The voice cracked a bit, as voices tend to do when thrown across the Atlantic. Even still—and even over the phone— Toth and Asmus could practically see their uncle readjust his glasses, a small smirk playing across his tanned features. In the background, Uncle Luka and Uncle Alois were screaming expletives at some sort of video game.

"Well, your father and I did not always get along. He was a prick when we were growing up—always stealing my toys and books without telling me. Once, he nipped my Kung-Fu Action Jesus figurine and dressed it up in Super Awesome Ninja Spy Mary Magdalene's Covert Mission— Last Supper: The Second Course's robe set. You just don't do that. You don't put Kung-Fu Action Jesus in Super Awesome Ninja Spy Mary Magdalene's Covert Mission— Last Supper: The Second Course's robe set! Jesus didn't wear girl robes!" Claude huffed, his anger still ridiculous—er, obvious—after so many millennia. The squeak of his grinding teeth was worse than the white static of long-distance; Asmus and Toth frowned nervously at one another, wondering if maybe this hadn't been as dire an emergency as they'd first believed… Bearing in mind that an "emergency" was the only time that Sebastian and Ciel advised the twins to call the Trancys' on their own. But after a few deep breaths (and a suspicious sounding crack, like that of a table being karate-chopped in half), the devil calmed enough to continue on in a semi-rational manner.

"…anyway. I suppose I was a trifle… bitter… after growing up with someone like that. So when I realized how much Sebastian loved your mother, I tried to steal him and break him, like Sebastian had done to so many of my toys. But my plans were ultimately foiled by Alois and Hannah and Luka, who decided that—!"

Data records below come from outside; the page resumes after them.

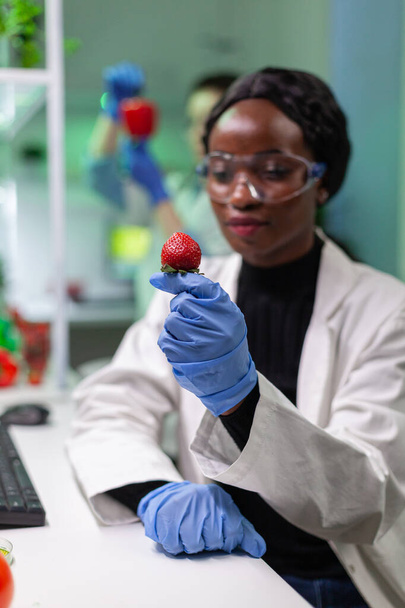 Científico químico mirando fresa con líquido orgánico examinando prueba de ADN - Foto, Imagen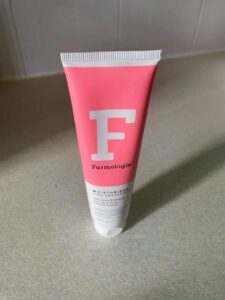 A tall conical white plastic tube that has Farmologie Pink Grapefruit Moisturiser written in bold black writing, a picture of a large white letter f, and a pink stripe on it, on a white background.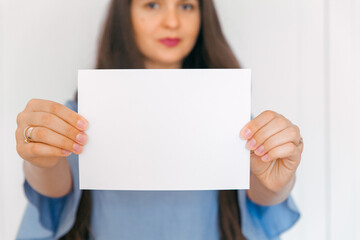 Naklejka premium A young, attractive girl holding mockup with empty paper. A sign, an empty space for advertising, inscription, design. White background.
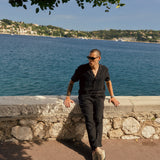 The Holiday Linen Trouser in black — worn leaning against a stone wall by the sea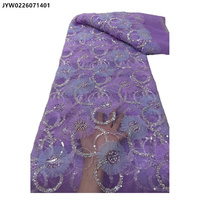 Tissu en dentelle de tulle brodé de fleurs et de perles pour robe de mariée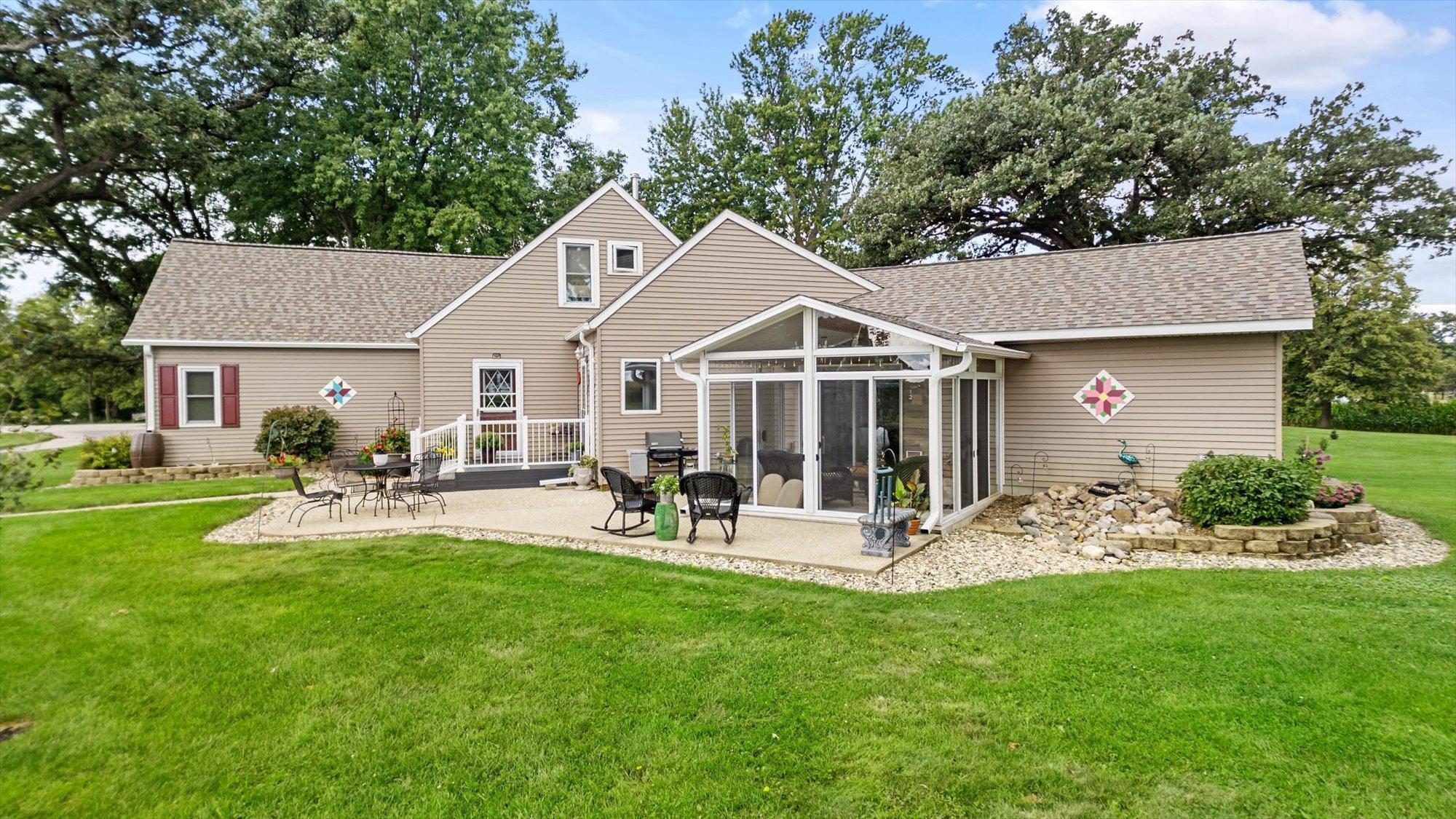 View of east side of home. Note the sunroom addition! Enjoy morning coffee and sunrises!
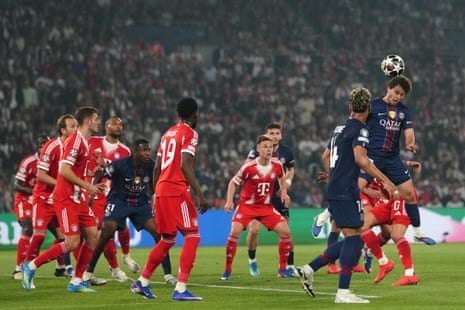 PSG's Joao Neves (right) flicks a header into the Bayern net.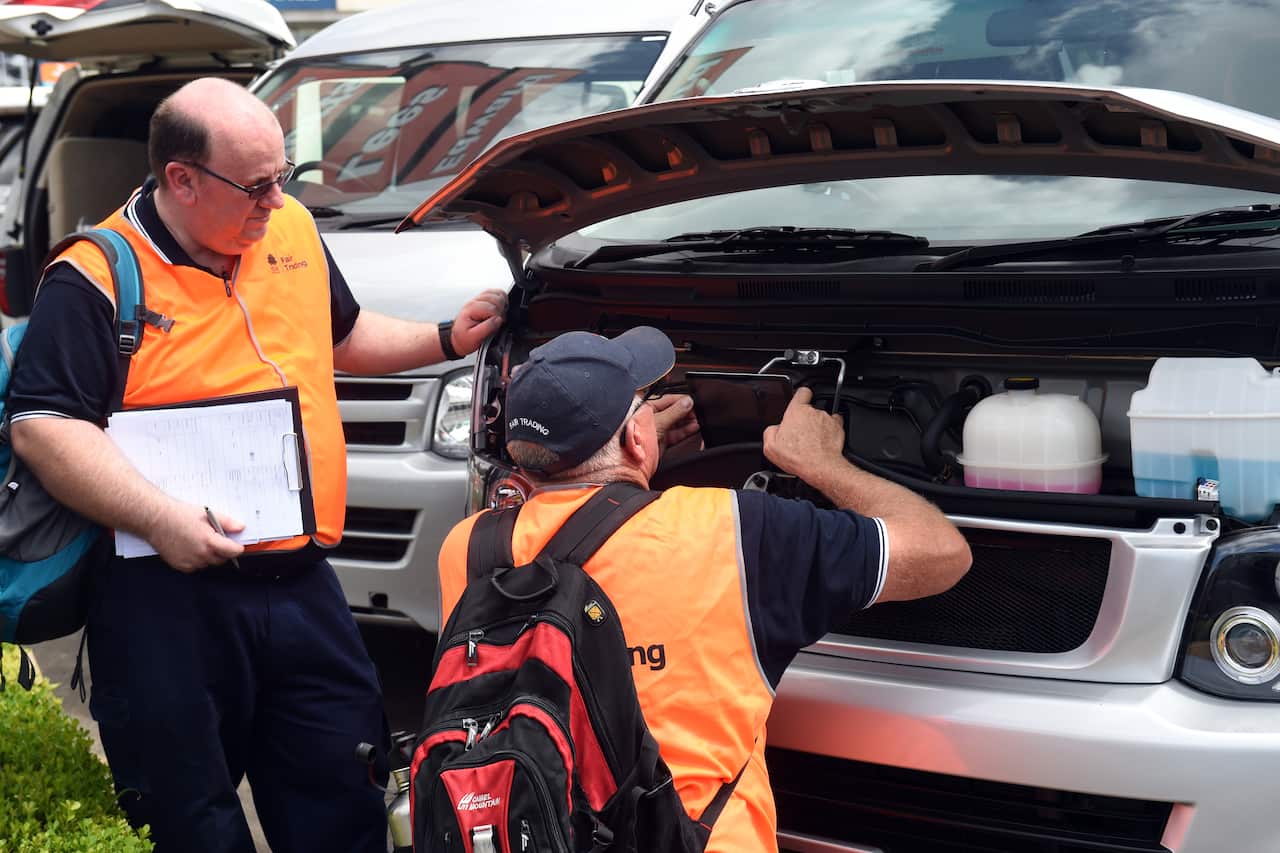 Fair Trading NSW officers inspect a vehicle at Edward Lees Imports in Sydney      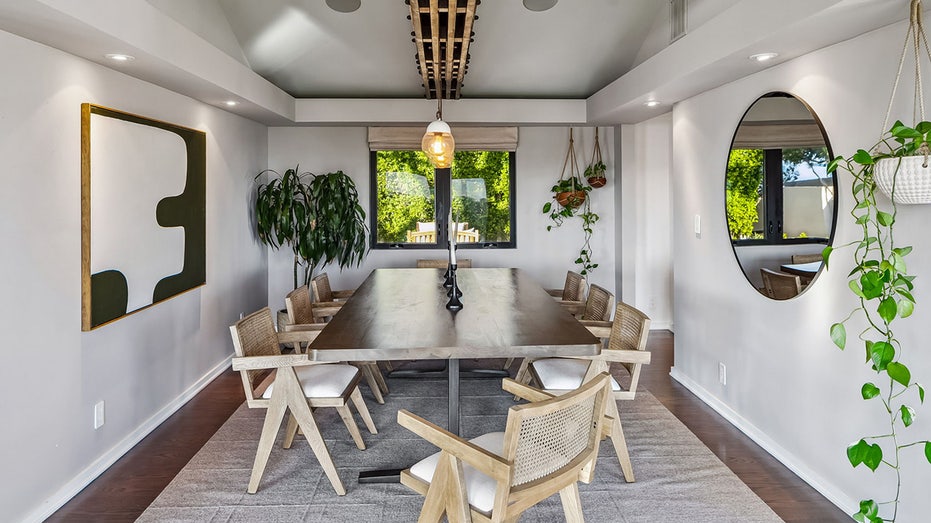 The dining room features a table large enough for eight diners.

"HEY! Hey, are you talking to the terrible twosome? Hiiiiiii, Azzy! Hi, Toto! Uncle Alois loves you!" sang a new voice, interrupting the old with an oomph and a noise like an elbow ramming into someone's gut with the strength of a bowling ball. "Haha, Luka says hey there, too! And so does Undie—he's here visiting. Right, you ol' bag of bones?"

There was a familiar "heeheehee" in the background, along with an eerily elongated "hellooooooo, moppets~"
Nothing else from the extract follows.